DATA SHOWN START

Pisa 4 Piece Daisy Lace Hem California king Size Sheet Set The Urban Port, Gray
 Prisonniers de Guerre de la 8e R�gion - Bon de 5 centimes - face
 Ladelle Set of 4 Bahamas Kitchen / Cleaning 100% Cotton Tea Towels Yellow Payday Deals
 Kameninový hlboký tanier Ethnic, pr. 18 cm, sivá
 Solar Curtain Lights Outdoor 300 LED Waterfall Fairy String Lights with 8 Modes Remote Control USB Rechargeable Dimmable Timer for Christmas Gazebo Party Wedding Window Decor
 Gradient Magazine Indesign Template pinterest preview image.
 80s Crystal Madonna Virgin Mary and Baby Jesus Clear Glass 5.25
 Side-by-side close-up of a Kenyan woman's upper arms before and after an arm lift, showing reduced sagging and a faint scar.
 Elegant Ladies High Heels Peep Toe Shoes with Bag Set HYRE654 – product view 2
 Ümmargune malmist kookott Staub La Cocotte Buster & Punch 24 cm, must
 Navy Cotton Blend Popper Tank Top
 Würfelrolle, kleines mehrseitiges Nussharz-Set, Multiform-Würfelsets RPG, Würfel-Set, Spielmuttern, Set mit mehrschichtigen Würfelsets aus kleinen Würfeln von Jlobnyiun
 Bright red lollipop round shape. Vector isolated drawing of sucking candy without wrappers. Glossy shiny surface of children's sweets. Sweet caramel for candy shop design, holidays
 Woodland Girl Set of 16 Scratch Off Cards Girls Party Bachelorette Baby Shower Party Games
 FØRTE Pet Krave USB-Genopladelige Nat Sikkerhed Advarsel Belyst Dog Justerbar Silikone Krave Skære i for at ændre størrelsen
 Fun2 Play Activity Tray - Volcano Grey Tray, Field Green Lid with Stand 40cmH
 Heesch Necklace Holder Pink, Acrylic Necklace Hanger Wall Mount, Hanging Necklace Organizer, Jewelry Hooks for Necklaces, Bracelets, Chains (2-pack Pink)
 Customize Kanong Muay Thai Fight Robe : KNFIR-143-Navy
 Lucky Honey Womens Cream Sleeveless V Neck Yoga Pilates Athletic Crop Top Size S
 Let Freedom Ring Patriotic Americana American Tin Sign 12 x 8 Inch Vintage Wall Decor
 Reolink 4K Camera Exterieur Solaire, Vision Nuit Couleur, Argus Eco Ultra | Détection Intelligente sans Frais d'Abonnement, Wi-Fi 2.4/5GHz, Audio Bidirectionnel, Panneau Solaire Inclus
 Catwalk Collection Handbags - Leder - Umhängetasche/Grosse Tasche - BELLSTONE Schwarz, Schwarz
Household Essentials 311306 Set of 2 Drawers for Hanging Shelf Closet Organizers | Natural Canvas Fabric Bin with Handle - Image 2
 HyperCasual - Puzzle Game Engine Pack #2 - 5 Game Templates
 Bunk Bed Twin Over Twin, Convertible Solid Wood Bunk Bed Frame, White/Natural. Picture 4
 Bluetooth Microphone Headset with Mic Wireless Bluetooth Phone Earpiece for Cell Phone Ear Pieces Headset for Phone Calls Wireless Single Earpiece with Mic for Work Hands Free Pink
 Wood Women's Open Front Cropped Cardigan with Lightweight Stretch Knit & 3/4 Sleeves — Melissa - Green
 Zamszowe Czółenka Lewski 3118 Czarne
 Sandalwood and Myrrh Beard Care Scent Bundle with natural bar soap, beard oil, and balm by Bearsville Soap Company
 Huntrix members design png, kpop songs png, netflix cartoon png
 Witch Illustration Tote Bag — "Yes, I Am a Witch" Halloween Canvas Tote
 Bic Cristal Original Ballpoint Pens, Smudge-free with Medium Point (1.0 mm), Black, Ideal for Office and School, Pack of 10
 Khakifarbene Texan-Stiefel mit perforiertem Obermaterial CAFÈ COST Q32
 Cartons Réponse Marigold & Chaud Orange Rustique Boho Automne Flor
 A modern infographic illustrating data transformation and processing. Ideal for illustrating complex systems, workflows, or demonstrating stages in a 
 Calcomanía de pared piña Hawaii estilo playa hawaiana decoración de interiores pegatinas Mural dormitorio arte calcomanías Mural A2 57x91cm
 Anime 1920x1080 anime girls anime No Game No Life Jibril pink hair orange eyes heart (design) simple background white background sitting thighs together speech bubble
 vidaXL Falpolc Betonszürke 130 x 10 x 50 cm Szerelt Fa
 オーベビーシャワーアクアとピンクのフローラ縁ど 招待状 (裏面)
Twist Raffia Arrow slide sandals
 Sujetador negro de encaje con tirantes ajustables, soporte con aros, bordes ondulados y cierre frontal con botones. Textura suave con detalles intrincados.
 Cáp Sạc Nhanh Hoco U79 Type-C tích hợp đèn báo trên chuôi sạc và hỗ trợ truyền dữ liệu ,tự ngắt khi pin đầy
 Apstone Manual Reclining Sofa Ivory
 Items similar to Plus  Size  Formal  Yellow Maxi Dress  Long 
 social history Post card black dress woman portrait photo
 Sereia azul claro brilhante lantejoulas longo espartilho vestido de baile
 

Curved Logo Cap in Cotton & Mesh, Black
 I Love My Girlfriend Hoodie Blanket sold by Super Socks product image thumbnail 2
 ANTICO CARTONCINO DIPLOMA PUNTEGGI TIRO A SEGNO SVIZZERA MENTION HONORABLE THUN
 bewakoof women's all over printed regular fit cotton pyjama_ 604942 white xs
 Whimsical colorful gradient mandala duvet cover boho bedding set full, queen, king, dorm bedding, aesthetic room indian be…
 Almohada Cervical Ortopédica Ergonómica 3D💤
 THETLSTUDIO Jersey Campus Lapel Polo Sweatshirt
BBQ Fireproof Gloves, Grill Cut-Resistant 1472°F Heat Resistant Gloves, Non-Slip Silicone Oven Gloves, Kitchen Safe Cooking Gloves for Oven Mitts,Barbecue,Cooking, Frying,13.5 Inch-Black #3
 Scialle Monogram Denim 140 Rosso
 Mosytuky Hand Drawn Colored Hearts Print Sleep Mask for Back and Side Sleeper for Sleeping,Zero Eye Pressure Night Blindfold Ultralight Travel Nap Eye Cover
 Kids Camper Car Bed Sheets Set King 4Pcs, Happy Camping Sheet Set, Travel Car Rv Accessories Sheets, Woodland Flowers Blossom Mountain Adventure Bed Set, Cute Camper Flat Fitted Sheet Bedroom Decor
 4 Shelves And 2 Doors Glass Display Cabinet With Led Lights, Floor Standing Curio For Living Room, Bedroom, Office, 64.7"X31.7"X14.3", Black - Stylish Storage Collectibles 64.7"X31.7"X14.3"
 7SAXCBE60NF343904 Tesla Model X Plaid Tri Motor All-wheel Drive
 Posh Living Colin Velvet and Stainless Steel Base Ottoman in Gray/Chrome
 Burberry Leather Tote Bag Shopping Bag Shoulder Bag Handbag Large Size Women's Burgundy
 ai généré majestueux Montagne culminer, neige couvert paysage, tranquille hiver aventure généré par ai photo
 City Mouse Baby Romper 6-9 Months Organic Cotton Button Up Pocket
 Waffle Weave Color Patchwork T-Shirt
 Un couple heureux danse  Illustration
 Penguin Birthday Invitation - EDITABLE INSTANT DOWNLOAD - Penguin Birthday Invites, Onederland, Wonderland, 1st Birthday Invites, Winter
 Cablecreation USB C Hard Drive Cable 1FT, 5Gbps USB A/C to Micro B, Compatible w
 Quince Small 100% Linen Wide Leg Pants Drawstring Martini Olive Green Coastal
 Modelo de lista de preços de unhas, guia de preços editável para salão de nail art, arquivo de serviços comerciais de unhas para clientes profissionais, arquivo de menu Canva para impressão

DATA SHOWN END

> EXERCISE
Print the entries exactly. Include every one.

> YOUR SOLUTION
Pisa 4 Piece Daisy Lace Hem California king Size Sheet Set The Urban Port, Gray
 Prisonniers de Guerre de la 8e R�gion - Bon de 5 centimes - face
 Ladelle Set of 4 Bahamas Kitchen / Cleaning 100% Cotton Tea Towels Yellow Payday Deals
 Kameninový hlboký tanier Ethnic, pr. 18 cm, sivá
 Solar Curtain Lights Outdoor 300 LED Waterfall Fairy String Lights with 8 Modes Remote Control USB Rechargeable Dimmable Timer for Christmas Gazebo Party Wedding Window Decor
 Gradient Magazine Indesign Template pinterest preview image.
 80s Crystal Madonna Virgin Mary and Baby Jesus Clear Glass 5.25
 Side-by-side close-up of a Kenyan woman's upper arms before and after an arm lift, showing reduced sagging and a faint scar.
 Elegant Ladies High Heels Peep Toe Shoes with Bag Set HYRE654 – product view 2
 Ümmargune malmist kookott Staub La Cocotte Buster & Punch 24 cm, must
 Navy Cotton Blend Popper Tank Top
 Würfelrolle, kleines mehrseitiges Nussharz-Set, Multiform-Würfelsets RPG, Würfel-Set, Spielmuttern, Set mit mehrschichtigen Würfelsets aus kleinen Würfeln von Jlobnyiun
 Bright red lollipop round shape. Vector isolated drawing of sucking candy without wrappers. Glossy shiny surface of children's sweets. Sweet caramel for candy shop design, holidays
 Woodland Girl Set of 16 Scratch Off Cards Girls Party Bachelorette Baby Shower Party Games
 FØRTE Pet Krave USB-Genopladelige Nat Sikkerhed Advarsel Belyst Dog Justerbar Silikone Krave Skære i for at ændre størrelsen
 Fun2 Play Activity Tray - Volcano Grey Tray, Field Green Lid with Stand 40cmH
 Heesch Necklace Holder Pink, Acrylic Necklace Hanger Wall Mount, Hanging Necklace Organizer, Jewelry Hooks for Necklaces, Bracelets, Chains (2-pack Pink)
 Customize Kanong Muay Thai Fight Robe : KNFIR-143-Navy
 Lucky Honey Womens Cream Sleeveless V Neck Yoga Pilates Athletic Crop Top Size S
 Let Freedom Ring Patriotic Americana American Tin Sign 12 x 8 Inch Vintage Wall Decor
 Reolink 4K Camera Exterieur Solaire, Vision Nuit Couleur, Argus Eco Ultra | Détection Intelligente sans Frais d'Abonnement, Wi-Fi 2.4/5GHz, Audio Bidirectionnel, Panneau Solaire Inclus
 Catwalk Collection Handbags - Leder - Umhängetasche/Grosse Tasche - BELLSTONE Schwarz, Schwarz
Household Essentials 311306 Set of 2 Drawers for Hanging Shelf Closet Organizers | Natural Canvas Fabric Bin with Handle - Image 2
 HyperCasual - Puzzle Game Engine Pack #2 - 5 Game Templates
 Bunk Bed Twin Over Twin, Convertible Solid Wood Bunk Bed Frame, White/Natural. Picture 4
 Bluetooth Microphone Headset with Mic Wireless Bluetooth Phone Earpiece for Cell Phone Ear Pieces Headset for Phone Calls Wireless Single Earpiece with Mic for Work Hands Free Pink
 Wood Women's Open Front Cropped Cardigan with Lightweight Stretch Knit & 3/4 Sleeves — Melissa - Green
 Zamszowe Czółenka Lewski 3118 Czarne
 Sandalwood and Myrrh Beard Care Scent Bundle with natural bar soap, beard oil, and balm by Bearsville Soap Company
 Huntrix members design png, kpop songs png, netflix cartoon png
 Witch Illustration Tote Bag — "Yes, I Am a Witch" Halloween Canvas Tote
 Bic Cristal Original Ballpoint Pens, Smudge-free with Medium Point (1.0 mm), Black, Ideal for Office and School, Pack of 10
 Khakifarbene Texan-Stiefel mit perforiertem Obermaterial CAFÈ COST Q32
 Cartons Réponse Marigold & Chaud Orange Rustique Boho Automne Flor
 A modern infographic illustrating data transformation and processing. Ideal for illustrating complex systems, workflows, or demonstrating stages in a 
 Calcomanía de pared piña Hawaii estilo playa hawaiana decoración de interiores pegatinas Mural dormitorio arte calcomanías Mural A2 57x91cm
 Anime 1920x1080 anime girls anime No Game No Life Jibril pink hair orange eyes heart (design) simple background white background sitting thighs together speech bubble
 vidaXL Falpolc Betonszürke 130 x 10 x 50 cm Szerelt Fa
 オーベビーシャワーアクアとピンクのフローラ縁ど 招待状 (裏面)
Twist Raffia Arrow slide sandals
 Sujetador negro de encaje con tirantes ajustables, soporte con aros, bordes ondulados y cierre frontal con botones. Textura suave con detalles intrincados.
 Cáp Sạc Nhanh Hoco U79 Type-C tích hợp đèn báo trên chuôi sạc và hỗ trợ truyền dữ liệu ,tự ngắt khi pin đầy
 Apstone Manual Reclining Sofa Ivory
 Items similar to Plus  Size  Formal  Yellow Maxi Dress  Long 
 social history Post card black dress woman portrait photo
 Sereia azul claro brilhante lantejoulas longo espartilho vestido de baile
 

Curved Logo Cap in Cotton & Mesh, Black
 I Love My Girlfriend Hoodie Blanket sold by Super Socks product image thumbnail 2
 ANTICO CARTONCINO DIPLOMA PUNTEGGI TIRO A SEGNO SVIZZERA MENTION HONORABLE THUN
 bewakoof women's all over printed regular fit cotton pyjama_ 604942 white xs
 Whimsical colorful gradient mandala duvet cover boho bedding set full, queen, king, dorm bedding, aesthetic room indian be…
 Almohada Cervical Ortopédica Ergonómica 3D💤
 THETLSTUDIO Jersey Campus Lapel Polo Sweatshirt
BBQ Fireproof Gloves, Grill Cut-Resistant 1472°F Heat Resistant Gloves, Non-Slip Silicone Oven Gloves, Kitchen Safe Cooking Gloves for Oven Mitts,Barbecue,Cooking, Frying,13.5 Inch-Black #3
 Scialle Monogram Denim 140 Rosso
 Mosytuky Hand Drawn Colored Hearts Print Sleep Mask for Back and Side Sleeper for Sleeping,Zero Eye Pressure Night Blindfold Ultralight Travel Nap Eye Cover
 Kids Camper Car Bed Sheets Set King 4Pcs, Happy Camping Sheet Set, Travel Car Rv Accessories Sheets, Woodland Flowers Blossom Mountain Adventure Bed Set, Cute Camper Flat Fitted Sheet Bedroom Decor
 4 Shelves And 2 Doors Glass Display Cabinet With Led Lights, Floor Standing Curio For Living Room, Bedroom, Office, 64.7"X31.7"X14.3", Black - Stylish Storage Collectibles 64.7"X31.7"X14.3"
 7SAXCBE60NF343904 Tesla Model X Plaid Tri Motor All-wheel Drive
 Posh Living Colin Velvet and Stainless Steel Base Ottoman in Gray/Chrome
 Burberry Leather Tote Bag Shopping Bag Shoulder Bag Handbag Large Size Women's Burgundy
 ai généré majestueux Montagne culminer, neige couvert paysage, tranquille hiver aventure généré par ai photo
 City Mouse Baby Romper 6-9 Months Organic Cotton Button Up Pocket
 Waffle Weave Color Patchwork T-Shirt
 Un couple heureux danse  Illustration
 Penguin Birthday Invitation - EDITABLE INSTANT DOWNLOAD - Penguin Birthday Invites, Onederland, Wonderland, 1st Birthday Invites, Winter
 Cablecreation USB C Hard Drive Cable 1FT, 5Gbps USB A/C to Micro B, Compatible w
 Quince Small 100% Linen Wide Leg Pants Drawstring Martini Olive Green Coastal
 Modelo de lista de preços de unhas, guia de preços editável para salão de nail art, arquivo de serviços comerciais de unhas para clientes profissionais, arquivo de menu Canva para impressão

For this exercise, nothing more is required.